新春、古備前の陶工のドキュメンタリーをテレビで見ていました。焼き物を作る姿と心を拝見しました。つくる、守る、愛でる、祝う、そして「自然」や「理」や「歴史」と共に環境を整えて待つ。あとはたぶん祈りが導く。
一時、心を静かにし、ときどき喜び、感動する。とても子育てと似ている、と思いました。
人生の質は、自分が育てている子どもが四歳になるくらいまでに、どれほどその子に信じてもらったか、愛されたか、そのことにどれほど確かに気づくか気づかないか、で定まってくるように思います。
親が子に、自然の摂理として無条件に愛されたことを意識し、それをどう自らの心に刻むかで人生は決まってゆくのだと思う。親がその関係の確かさを心に刻むことによって子どもたちが、「信じること」が生きる力なのだと、遺伝子のレベルで気づくのです。
生きる力は、技術でも、能力でも、競争に勝つ力でも、自立することでもなく、「信じること」の連鎖の中に身を置くこと。本来それが自己実現と呼ばれるものだったはず。そこを忘れると、人類全体の生きる力が弱くなってくる。(その源となる、一家の生きる力が弱くなってくる。)その中で必死にもがいているのが今の人類の姿だと思うのです。
繰り返し、幼児に完全に信じてもらう事で、人間は「神に愛されている」「仏の慈悲に包まれている」、そんな感触を持ったのだと思います。それはすべての人間が多かれ少なかれ体験する感触で、それになるべく気づきましょう、と勧める手段が「宗教」なのかもしれません。歯車が回り続けるように。
子育てという、形は色々ありますが、ほとんど誰もが体験する、意識をすれば誰でもより深く自分の良さを体験出来ることの中に、人間が社会を形づくるために不可欠な啓示があって、生体学的にいうと、それが人間の遺伝子をオンにする、ということなのかもしれない。それは体験であって学習ではないのです。
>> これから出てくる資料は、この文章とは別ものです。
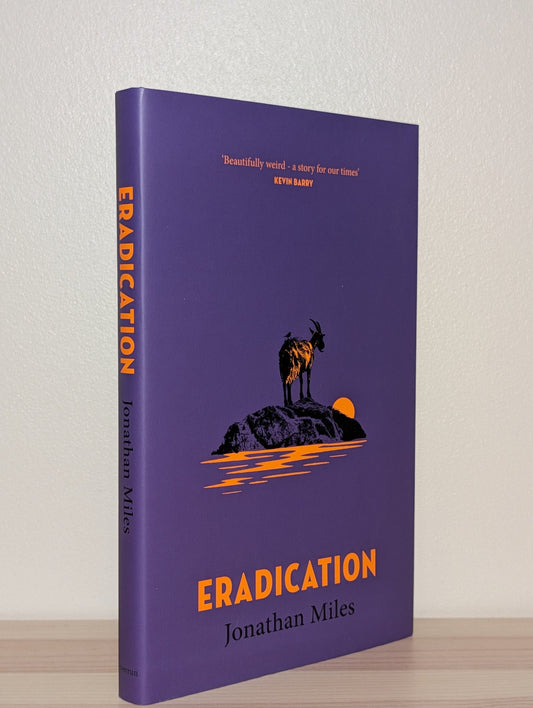 Eradication by Jonathan Miles (First Edition) - Fialta Books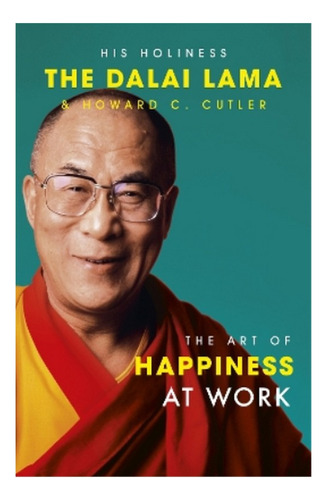 The Art Of Happiness At Work - Howard C. Cutler, Dalai . Ebs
成人式が来ると思い出すのです。ある市長さんが語ってくれたこと。
私の講演を聴いたあと、役場の市長室で市長さんが言ったのです。
「先日、市の成人式で挨拶したんです。会場はザワザワしていて、お世辞にも行儀がいいとはいえない若者たち。私の話を真剣に聴いているようにも思えなかった。でも、出番が来て、幼稚園の園児たちがお祝いに舞台の上で踊りながら、歌をうたったのです。幼児たちが舞台に上がって並んぶと会場がシーンとなったのです。そして、成人した若者たちが静まり返って、その歌と踊る姿を見つめるのです。松居さんが言っていたのはあのことですね」
こういう理解の仕方はとても嬉しかった。
私はうなずきました。若者たちが、うらやましそうに園児を見つめる姿。それが宇宙の法則、遺伝子の働き、人間が真の幸せを探す姿なのです。園児たちの踊りと歌で、人間の心がまとまる。
若者たちはちゃんと、何を見つめるべきか知っている。